## REQUIREMENT:
Within the lines below, the span from the line with "Both A and A-prime" to the line with "Regarding number one, which", both ends included, is to be reproduced exactly, with pictures omitted.

## DATA SUPPLIED:
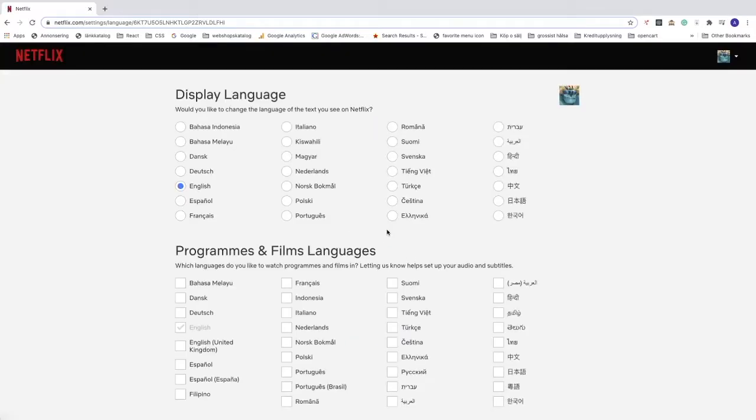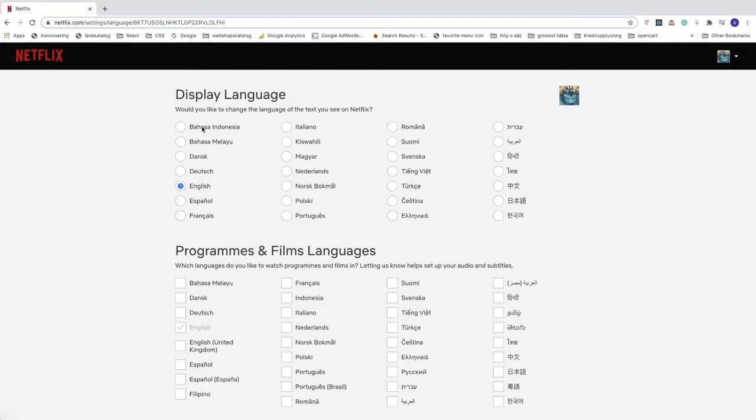Now you see display language. Would you like to change the language of the text you see on Netflix? You can choose the text on Netflix, so choose the one you want. I'm going to choose English.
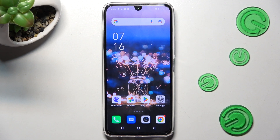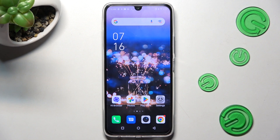Hi! In front of me is the Infinix Note 12 Pro and today I would like to show you how you can download and apply iOS Launcher on this device.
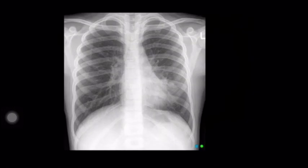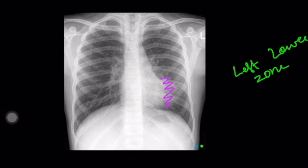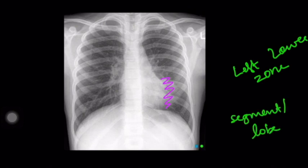In this frontal radiograph, you can see there is an opacity here. You can use terms like opacity in the left lower zone — we have previously seen how the lungs can be divided into zones — but can you make it further better? For that, you can apply the Silhouette sign so that you can give added adjectives to localize the lesion, for example, to a segment or a lung lobe.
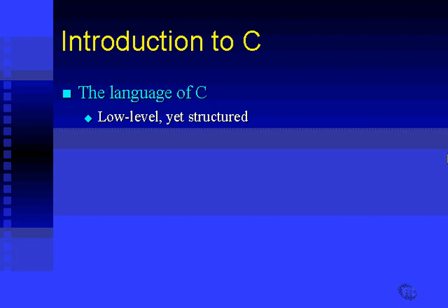These things cannot be done in many languages, but C allows you to do them. So it is therefore known as a low-level language. And yet, unlike other low-level languages such as Assembler, C is a structured language.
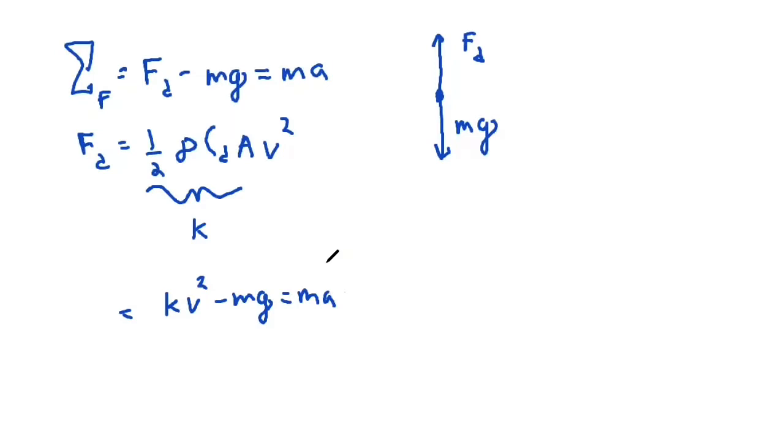It's going to be something different from g. It's going to be changing because our velocity is changing. You can see that the acceleration is dependent upon velocity.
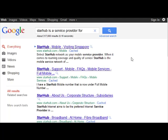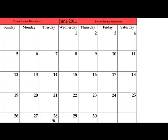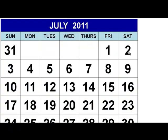Take note that StarHub is a mobile service provider and not a mover or delivery service. But wait, now they are. So on the 28th of June, they told me that I can receive my Samsung Galaxy S2 on Saturday, the 2nd of July 2011.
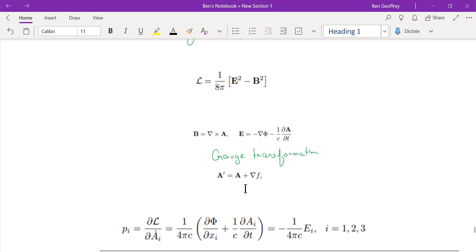Both A and A-prime produce the same electromagnetic field, so the vector potential is not unique and can transform under the gauge transformation. This arbitrariness in the vector potential will be fixed later by a process called gauge fixing.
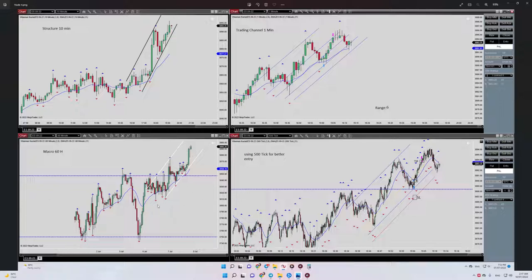Regarding number one, which is about structure: we have an uptrend channel on the 10-minute timeframe at the top left, and it's obvious that this channel has proper momentum.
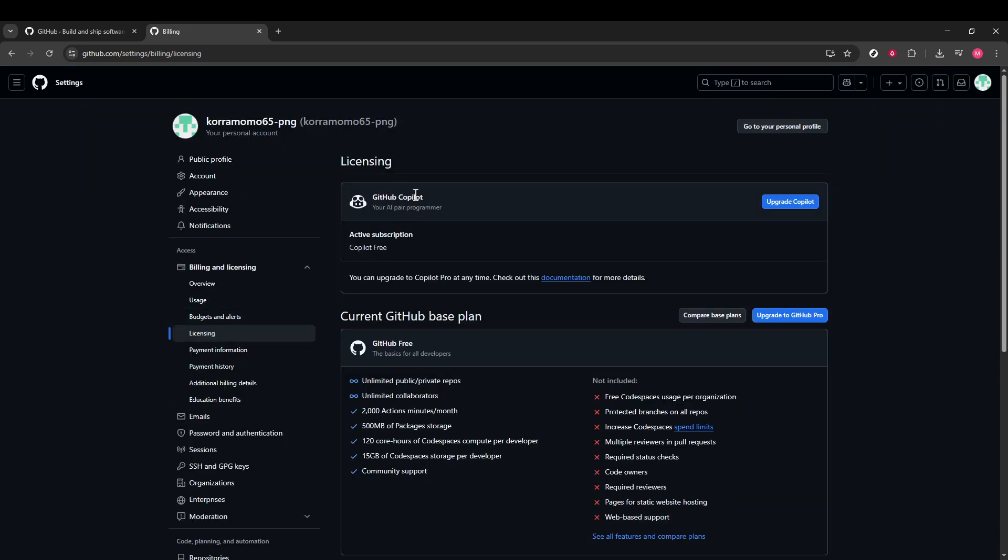Here lies the detailed information regarding the GitHub Copilot subscription that you may wish to cancel. At this point, you should be looking at the screen where your Copilot subscription is displayed. This is the moment where the option to cancel your GitHub Copilot subscription becomes visible.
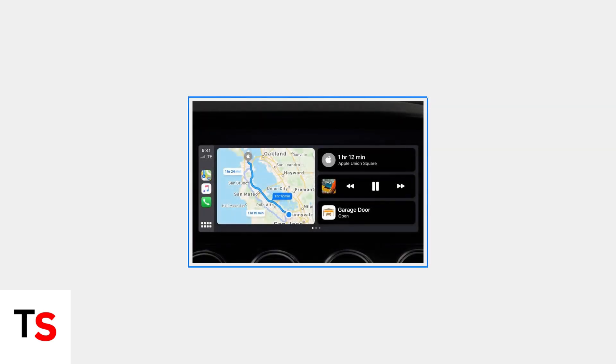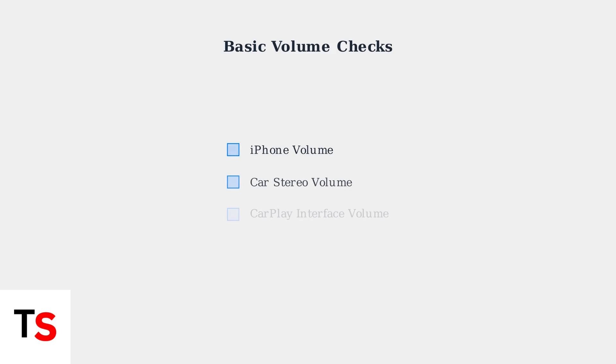Experiencing low music volume in Apple CarPlay can be frustrating. This common issue often stems from multiple factors working together. The problem usually involves a combination of iOS updates, app-specific settings, and connection types.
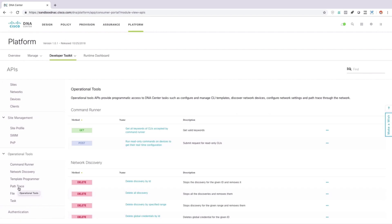This is obviously a super high-level, 30,000-foot view of Cisco DNA Center. The purpose of this video was just to help you understand what DNA Center is — it's Cisco's management solution for the enterprise — and to understand some of the things it can do. Those things fall under these categories: Design, Policy, Provision, Assurance, and Platform.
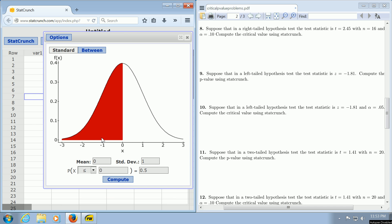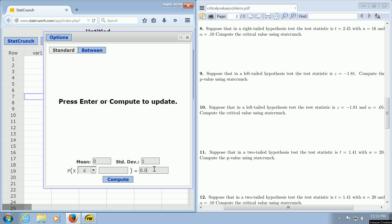You leave the mean and standard deviation alone. Because it's a left-tailed test, you leave this at less than, and then you want to enter the value of alpha in your second box, so 0.05.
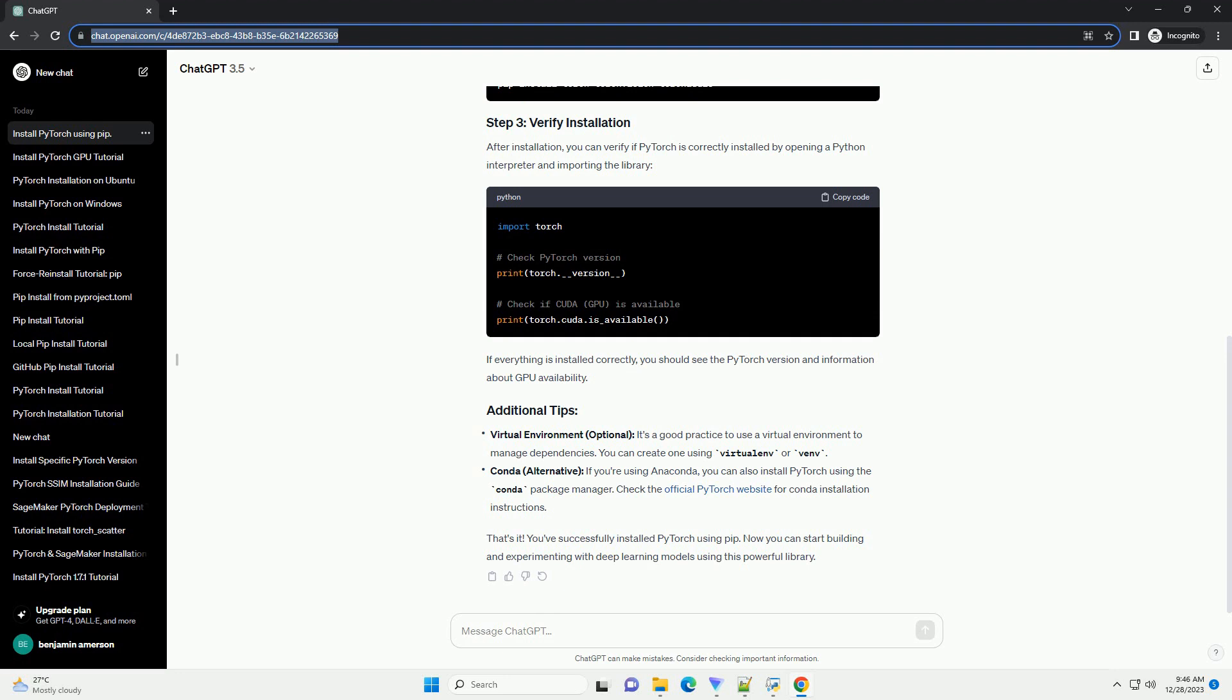Virtual Environment, optional. It's a good practice to use a virtual environment to manage dependencies.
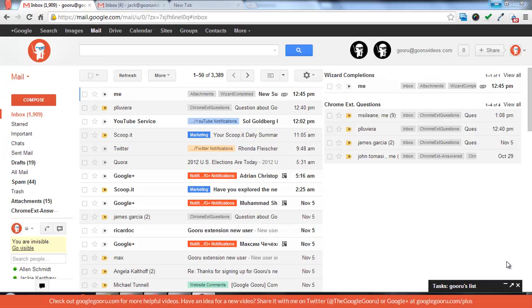Hey guys, welcome back to the Google Guru. Today I'm going to talk about an exciting new update to Gmail which is the new compose button.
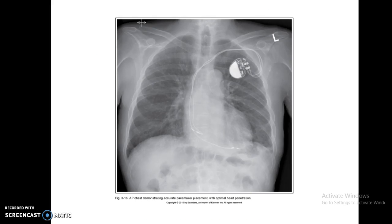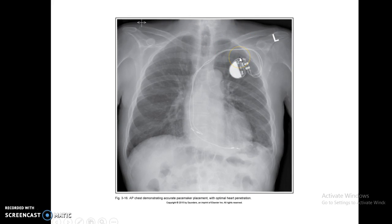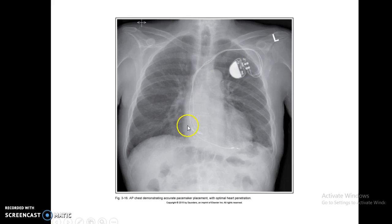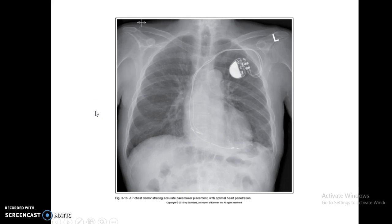Pacemakers — you're going to see pacemakers quite a bit. They are usually going to be on the left side, up towards the top third of the lung. You're going to see two wires coming across, going over to the opposite side, and the electrodes are going to be in the different parts of the heart. You want to have a little bit more heart penetration when you're doing pacemakers.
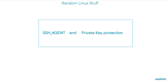Hi, this is another video in the Random Linux Stuff playlist and this one is on the need for the SSH agent and private key protection. In the description you will find the commands that I used and also two links to earlier videos that are related to SSH.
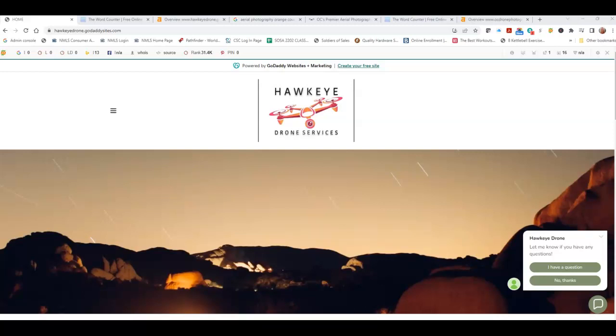Hey John, your sister here with Crosspoint Digital. Wanted to shoot you over this quick little video to go over some tips and tricks, things that you can do that will help bring you more business utilizing your website and your Google business profile. So let's start with looking at your website.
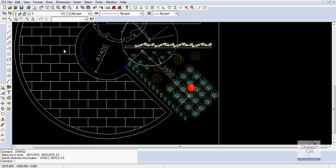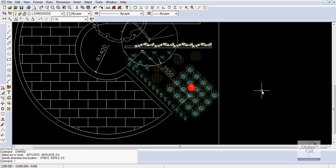You can see once again dimensioning takes the information from the drawing. It's a wonderful second check of the design work you've done.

## WRITTEN SOLUTION:
Both A and A-prime produce the same electromagnetic field, so the vector potential is not unique and can transform under the gauge transformation. This arbitrariness in the vector potential will be fixed later by a process called gauge fixing.
Regarding number one, which is about structure: we have an uptrend channel on the 10-minute timeframe at the top left, and it's obvious that this channel has proper momentum.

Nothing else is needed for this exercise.